Monday, October 20, 2008

Eco Schools

Dodmire Infants and Nursery School

Last week I had a valuable briefing on the progress being made in Darlington on the Eco School initiative. I also attended a conference in Newcastle on assessing how councils can respond to the climate change agenda generally, and to the question of adaptation in particular.

To deal with the last one first - the way in which councils and their partners are being assessed is changing via the new Local Area Agreement system (LAA). Rather than prescribe how each council is judged, councils have the opportunity to select the criteria which are particularly relevant to the communities they serve. Partners like the Fire or Health Authorities have input into this too. The result is a medley of indicators, and one of those selected by Darlington is N188, or Adapting to Climate Change.

This refers specifically to how councils respond to the realities of climate change (floods, higher temperatures and the like). It contrasts with mitigation, which is how we can alter our lifestyles to at least counter some of the damaging changes taking place in the environment.

Still with me? Well, the conference in Newcastle, organised by One North East was very much aimed at Town Hall professionals, but as a lead elected member I found the material very useful. Like many councils around the North East, a lot of work is taking place on this key issue on an unco-ordinated basis, but the challenge of N188 will be to bring all this work together into a coherent policy-driven approach.

The Eco Schools meeting at Dodmire Infants and Nursery School was just as illuminating, but at a completely different level. This is a Government initiative to enable every school to be a sustainable school by 2020 - as the website says, "Eco-Schools is an international award programme that guides schools on their sustainable journey, providing a framework to help embed these principles into the heart of school life."

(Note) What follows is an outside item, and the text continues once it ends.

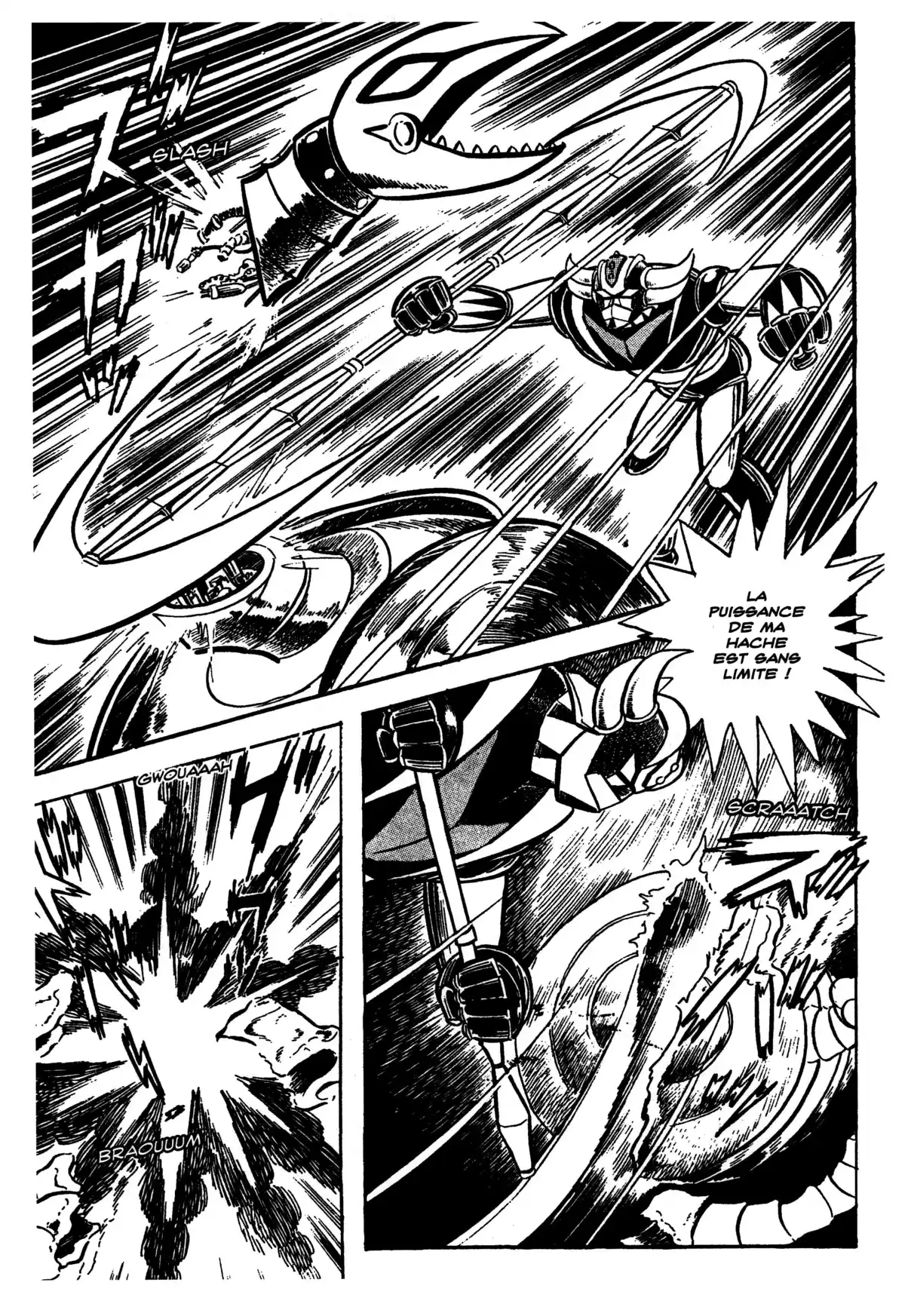 UFO Robot Goldorak – One Shot Volume 1 page 51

So how is that being put into action? Well, 27 schools in Darlington have paper recycling facilities, for example. And schools across the Borough are at varying stages of progress in gaining the prestigious Green Flag award via the Eco Schools scheme, which symbolises excellence in the field of environmental activity.

At Dodmire Infants and Nursery, we had a presentation from the children themselves. They talked about saving energy and turning off electrical appliances, for example, or growing their own produce on the school's allotment. They've also forged links with a school in Sierra Leone. They could answer quite complex questions too, suggesting that the work had really taken root. It was an inspiring afternoon, and I'll be monitoring progress to see how we can enthuse all schools in Darlington to take up this great project.

1 comment:

miketually said...

There are ten schools not recycling paper?